# Wondering if Neptune might be pregnant...



## Nurse90 (Oct 20, 2013)

We've only had Neptune for less than a week, but I swear she feels thicker in my hands. She is 2-3 months old. Jupiter also feels slightly bigger, but we've had her longer than Neptune and it seems to be normal growth. It's just Neptune's belly! It's not huge, but seems very, very slightly round. I don't know if a picture would capture it...how can you tell??


----------



## nanashi7 (Jun 5, 2013)

Short of finding pinkies, pregnancy is really hard to tell. There are signs to look for but not all rats show them and some may not show until three days prior. 
Belly getting bigger, exposed nipples, nesting, not going into heat, even behavioral changes. 
Sometimes in week two a vet can feel or hear babies. But, a rat is only pregnant for 21days. 
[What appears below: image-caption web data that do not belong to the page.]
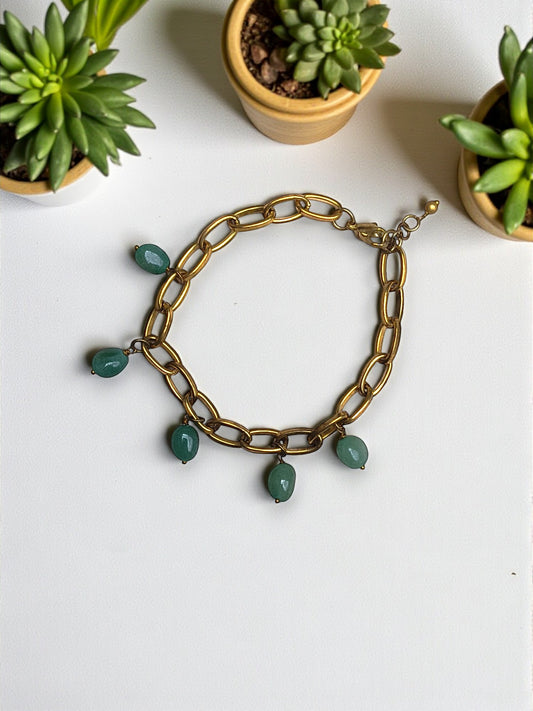 Forest Jade Collection: Dangle Bracelet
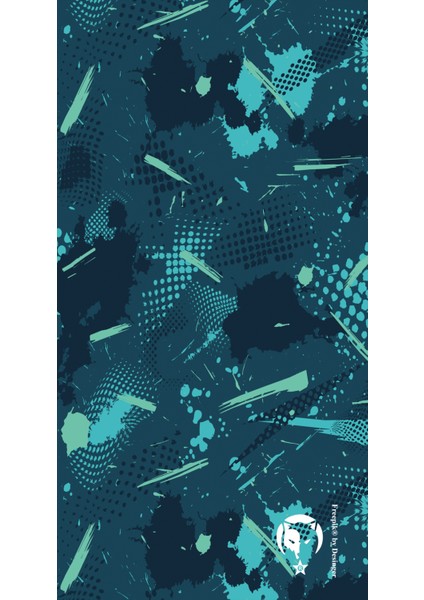 Dijital Desing Blue Extreme Slaemless Sporcu Mavi Boyunluk Bandana Balaclava fiyatları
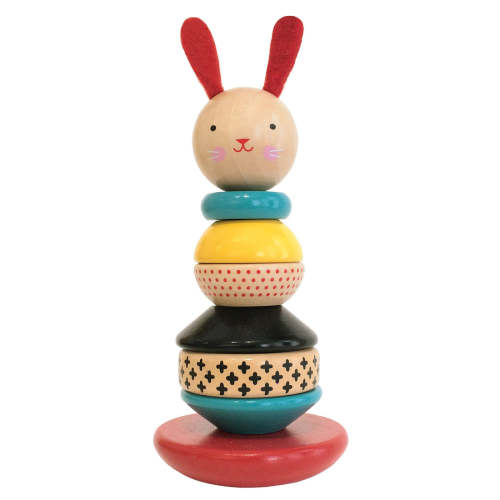 Wooden Rabbit Stacker Toy | Toys for Toddlers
Sent from Petguide.com Free App


----------



## toke (Aug 28, 2012)

I did not know my rescue girl was pregnant until one day I pulled her out and she looked like she had doubled in belly width. It was not a gradual growth but a "BAM pregnant" realization. You will definitely know a few days before birth if you handle her a lot, but she will just expand over a day or two. Just keep a close eye on her the 2-3 weeks until you are out of the clear. If you are feeding her different and she is new, she may just be gaining weight.


----------



## franjf (Dec 13, 2012)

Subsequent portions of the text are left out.